Colpaert (2006), in describing different approaches to software development, also advocates
a pedagogically driven approach but, at the same time, alludes to a problem of system design,
namely bridging the gap between language pedagogy and technology. A CALL program might
include the latest technological fads but lack language pedagogy, or it might reflect sound language teaching pedagogy but not effectively exploit the technology. On the other hand, even
the best team of CALL software designers cannot always anticipate the ways in which learners
will use a CALL system. Accordingly, many CALL studies have shown a discrepancy between
the intention behind certain software features and their actual use. For this reason, E-Tutor also
followed an iterative, cyclical process of development, implementation and evaluation (see Colpaert 2006) to enhance the effectiveness and scope of the tool.
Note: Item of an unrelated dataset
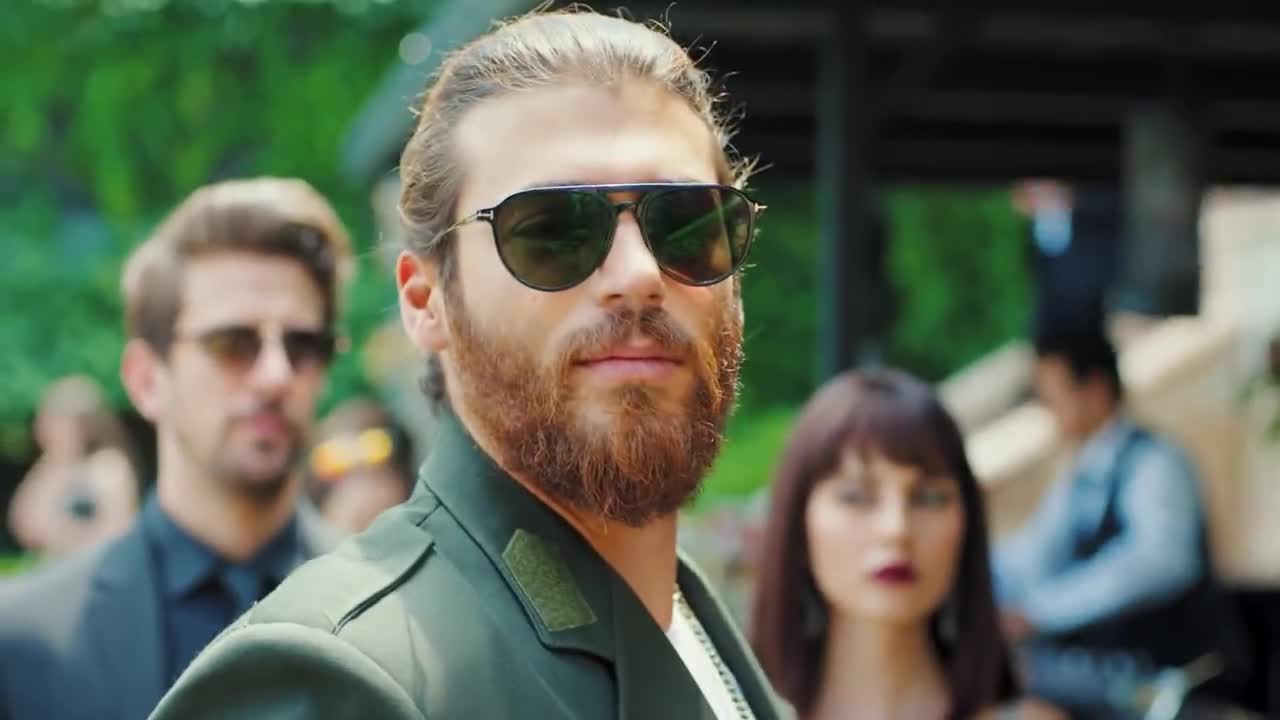 Кадры из сериала Ранняя пташка 13 серия 1 сезон (2018)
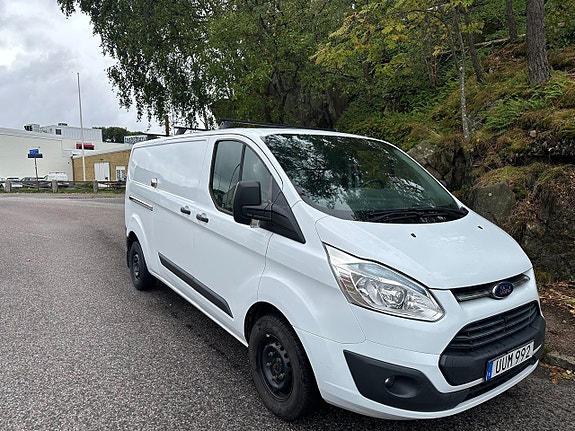 Ford Transit Custom 2 of 6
In both systems, FrancoToile and E-Tutor, evaluation of the tools is a condition for their
dynamic development. In the case of FrancoToile, a series of case studies were implemented
whereby the tool became the focus of specific learning activities in the form of guided and
free explorations, within set pedagogical conditions and parameters, hence leading to interactions between learners and the system. Data were collected from multiple sources: pre- and
postactivity online questionnaires, activity sheets (used by participants during interventions),
computer screen video captures using Camstasia Studio and recorded focus group interviews
(Caws 2013). While users were involved in authentic learning tasks that were measured and/or
observed, the analysis of their interactions (as recorded with the screen video capture software
and through online questionnaires and interviews) were used to define the degree to which
the interface was conducive (or not) to performing a task. Results of this analysis were recycled
into improvement of the tool itself. In the case of E-Tutor, evaluation of the tool resulted from
an unceasing analysis of system performance and learner input with the goal to improve overall
system functionality and system features as well as to create a learner corpus from recycled data
on learner-system interactions that were collected over five years. Overall, cross-sectional as
well as longitudinal data were collected from automated server logs, learner-system interactions
135
Catherine Caws and Trude Heift
and user questionnaires as well as retrospective user interviews. Initially, data analyses served to
improve system performance with regards to error identification, system responses and interface
design (Heift and Nicholson 2001), while later analyses focused on pedagogical issues such as
improving learner feedback or enhancing learner-computer interactions by adding additional
system features and learning tools (e.g. help options) (Heift 2010b).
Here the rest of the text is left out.